You need money to buy almost everything these days. If you don't have the necessary cash on hand chances are you will get a loan. Some common uses of loans include: buying a car, home improvements, paying for college tuition, buying a home or anything else that requires some form of cash outlay. When you do need to borrow you will contact your bank, credit union or some other form of financial institution.

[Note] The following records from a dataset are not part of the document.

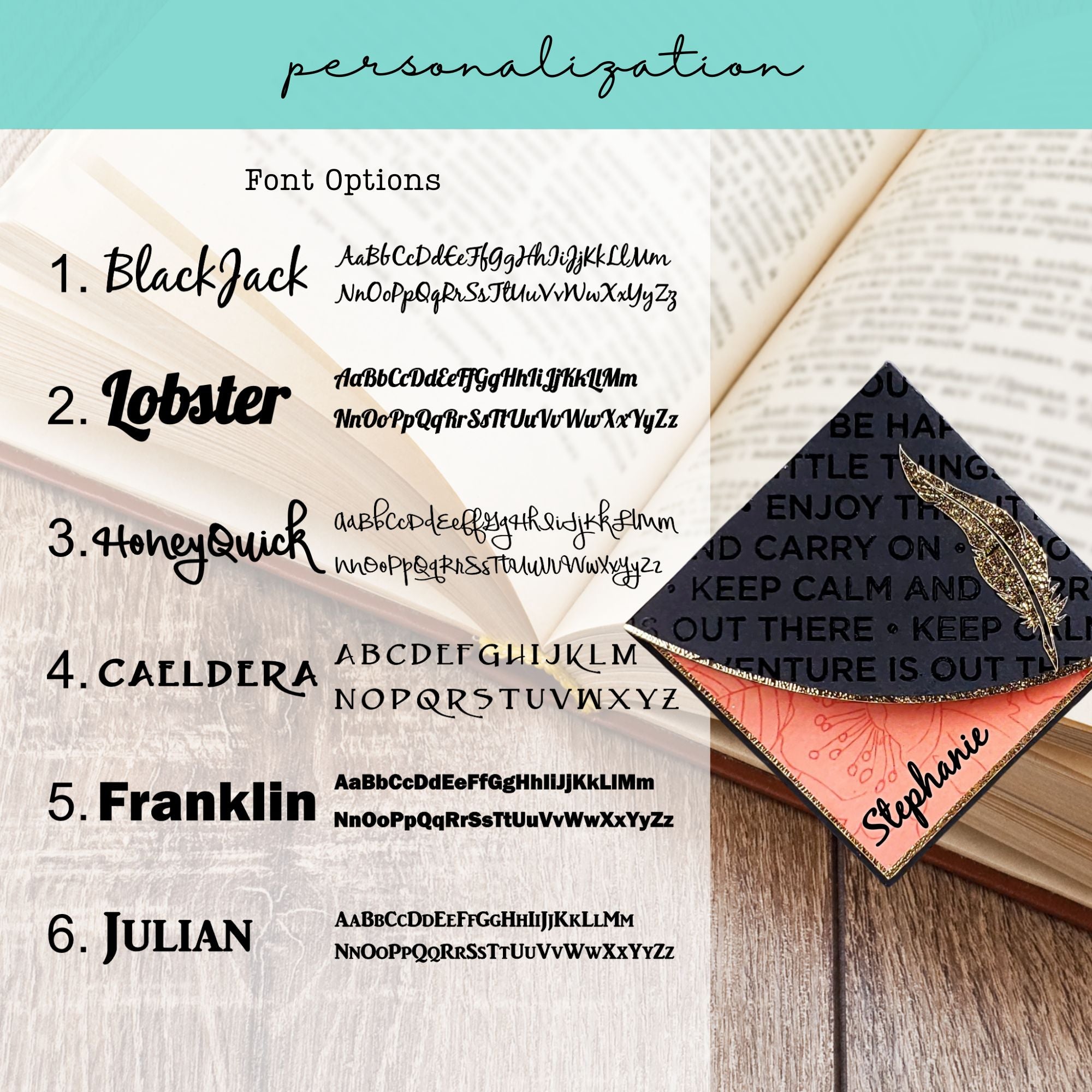 Write on Feather Quill Signature Corner Bookmark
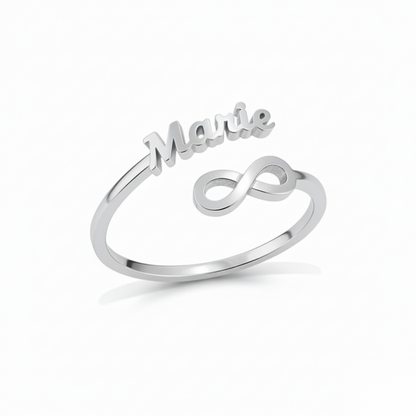 Adjustable Name Ring "Eternal Bond"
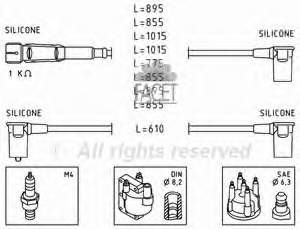 49306 Facet juego de cables de encendido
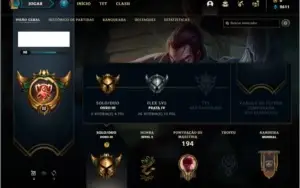 Conta ouro 3 com 23 skins e 48 champs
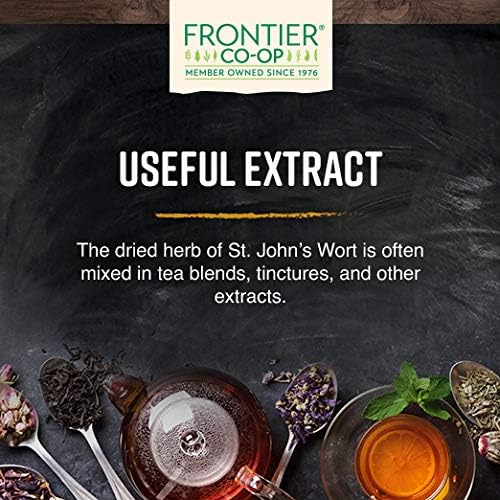 Frontier Co-Op Organic Cut and Sifted Saint John's Wort Herb 1lb - Dried Herb For St Johns Wort Organic Tea Or Diy Capsules, Oil, Tincture, Supplement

Some elements of all loans are similar. You borrow money, which is called the principal and you agree to pay back the loan within a specific length of time, or term, at a specific interest rate. Beyond that, loan terms can have any of the following conditions: installments or lump sum repayment, fixed or adjustable interest, and secured or unsecured.
Installment Loans
With an installment loan you borrow the full amount of money at one time and you agree to repay the loan in installments or set payments on a regular schedule. A home mortgage is an example of an installment loan. You make installment payments on the same day each month.
Lump Sum Loans
With a lump sum loan you can borrow a set amount and agree to pay that amount back in full plus interest on a specific date. Many personal loans are handled in this manner.
Secured Loans
Secured loans require you to put down some collateral, usually in the form of property, to guarantee it. If you fail to pay off the loan or default on it, the lender may take the collateral as a form of repayment. A home equity loan is one of the most common forms of secured loans.
Unsecured Loans
An unsecured loan is made primarily on the promise that you agree to repay. Typically, based upon your credit score, if a lender deems you a good risk you will be granted the credit. However, if you lack good or sufficient credit a lender may require you to get a co-signer. A credit card is an example of an unsecured loan.
The loan types listed above can have either a fixed or adjustable interest rate. A fixed interest rate means the monthly payments stay the same for the length of the loan. While adjustable interest rates have variable interest rates that change periodically.